Pranzo_dei_poveriÈ tutta questione di… sacralità.

La notizia, come spesso accade con questo Papa, è la solita, anche se declinata secondo le necessità del momento.

Bene, personalmente, nonostante abbia apertamente dichiarato che nutro qualche dubbio sulle esternazioni magistrali ecclesiastiche di questo Papa, non credo che in questo caso, il pranzo dei poveri, si tratti di una abdicazione alla tradizione evangelica cattolica.

Penso, invece, che si tratti di una questione di indubbio valore sociale e culturale, visto che i poveri presenti sul territorio nazionale sono oramai appartenenti a diverse culture, senza escludere quella italiana. In effetti, non dobbiamo dimenticare che anche fra gli italiani indigeni ed autoctoni sono in aumento i poveri, e non vedo un ottimo futuro di ripresa con la presenza di questi politici inutili, irresponsabili e poltronari.

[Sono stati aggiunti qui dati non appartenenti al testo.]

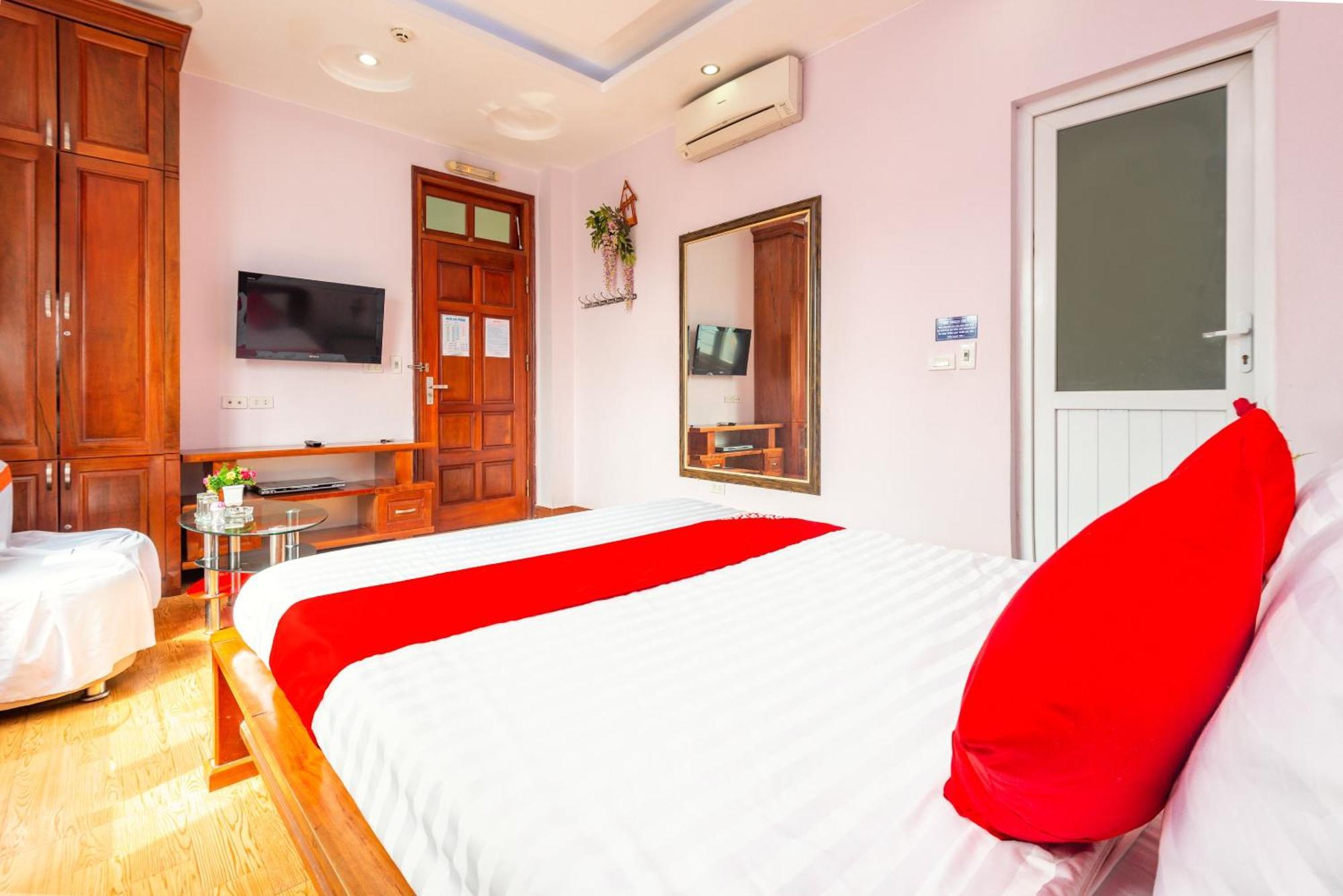 Oyo 887 Star Hotel Hanoi Eksteriør bilde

Dunque, permettere ad un più ampio numero di persone di partecipare ad un pranzo, avendo anche l’occasione di farlo in un contesto decisamente accogliente, e con un menù altrettanto invitante, mi sembra sia un ragionamento frutto di buon senso. Mi direte che proprio di buon senso siamo sostanzialmente sprovvisti in questo periodo storico mondiale, ed è vero. Se così non fosse non assisteremmo ad atteggiamenti mentali e comportamentali che continuano a mettere a rischio la nostra esistenza futura come specie.

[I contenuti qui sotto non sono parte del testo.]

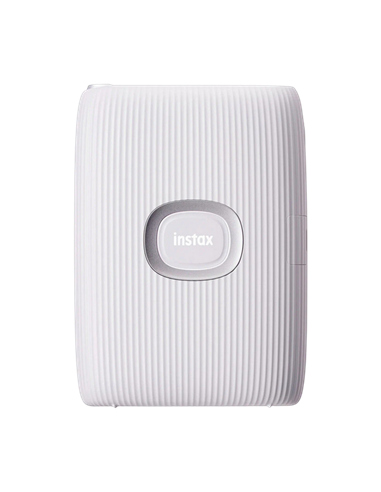 Фотопринтер instax Mini Link 2, 62 x 46 мм, Clay White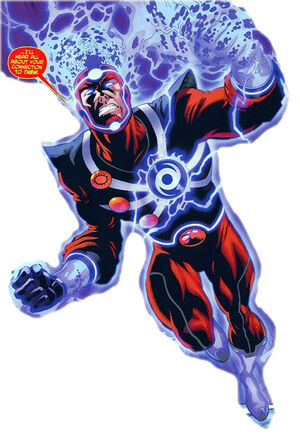 Firestorm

Dal punto di vista antropologico, la possibilità di condividere un pasto assieme ad altre persone è un fatto importante, significativo ed evolutivo. Il pranzo, come qualsiasi momento in cui si condivide del cibo, è il momento in cui ci si nutre vicendevolmente, ascoltando a tavola le storie di vita di ognuno, scambiandosi così anche il significato che si possiede della propria esistenza. È un momento importante, di vera e propria aggregazione sociale e culturale, grazie al quale anche le differenze interculturali possono rivelarsi liminali, rispetto alle comunanze umane che si possono scoprire. Dunque, in nome di queste considerazioni, credo che il Papa, almeno questa volta, abbia effettivamente voluto comunicare questi concetti, attraverso l’importante pratica della condivisione del cibo. Penso anche che questo insegnamento non sia cattolico, ma cristiano, nella sua valenza globale ed evolutiva, ossia espressione di un destino comune a tutti gli esseri umani: la necessità di sopravvivere tutti, nonostante il male, dunque il denaro, sia favorevole ai potenti. Ma anche i potenti hanno i loro menù, le loro pratiche e comportamenti, con i quali confermano a tutti la loro supremazia, credendo di poter mangiare fra loro in eterno.

La solita miseria umana.

Niente di nuovo, come sempre, per ora.